### What is needed
When the line containing "Changes in levels" appears in the entries below, begin printing there and stop after the line containing "isiewska et al,(1999)"; print each of those lines exactly and no other line.

### Exercise input
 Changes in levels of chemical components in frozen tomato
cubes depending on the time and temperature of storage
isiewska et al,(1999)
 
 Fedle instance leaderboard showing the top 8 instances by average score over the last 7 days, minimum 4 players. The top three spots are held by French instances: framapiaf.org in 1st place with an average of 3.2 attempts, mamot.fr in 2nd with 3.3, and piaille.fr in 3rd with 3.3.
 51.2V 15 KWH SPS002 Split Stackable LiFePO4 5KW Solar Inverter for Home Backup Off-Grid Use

---

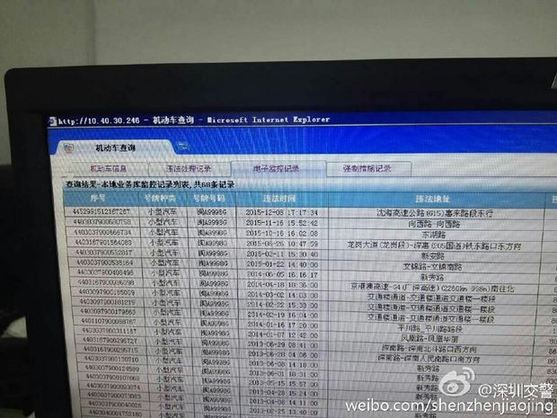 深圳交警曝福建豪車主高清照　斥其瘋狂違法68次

...

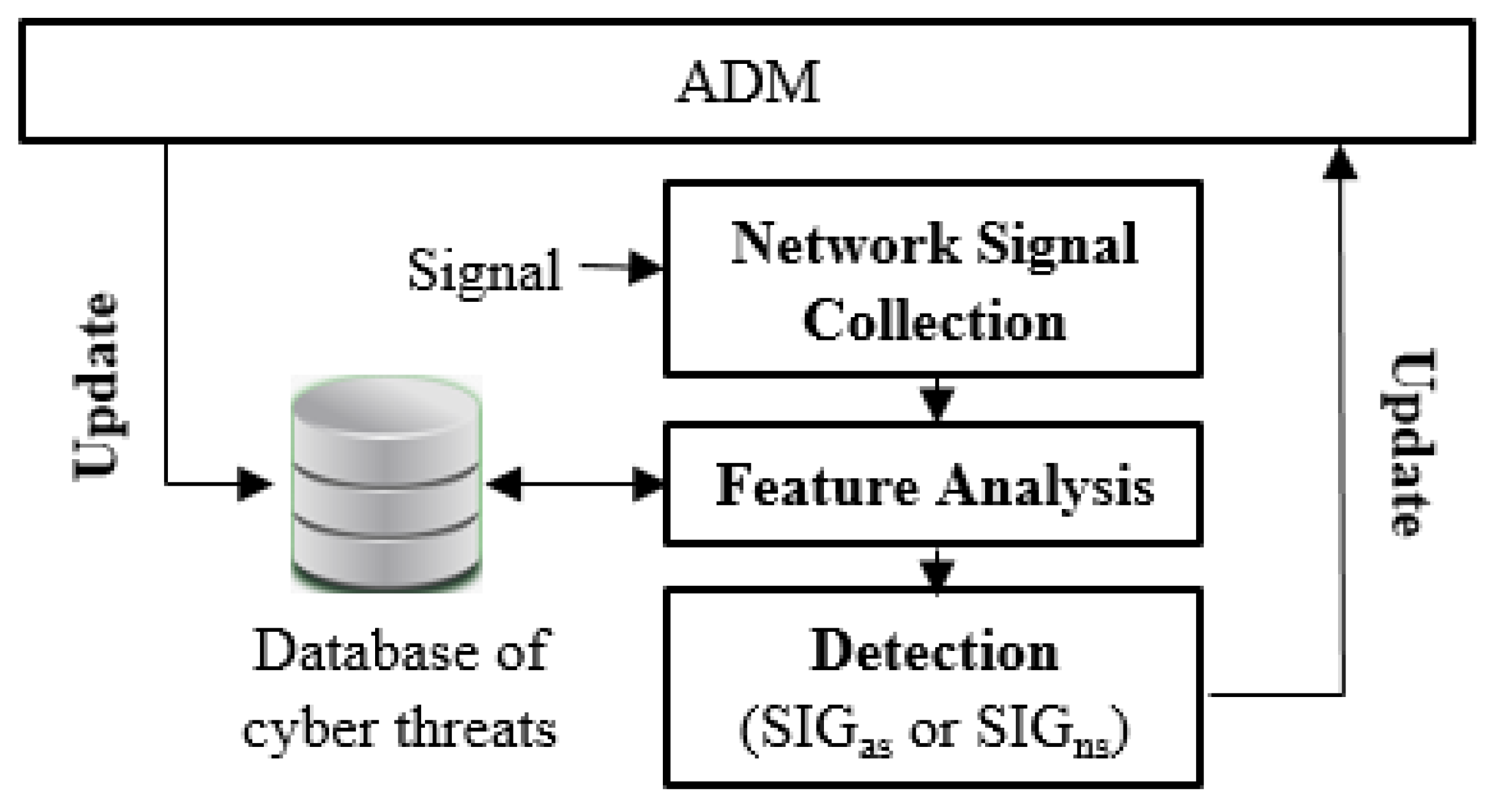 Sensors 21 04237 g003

### Solution to this task
 Changes in levels of chemical components in frozen tomato
cubes depending on the time and temperature of storage
isiewska et al,(1999)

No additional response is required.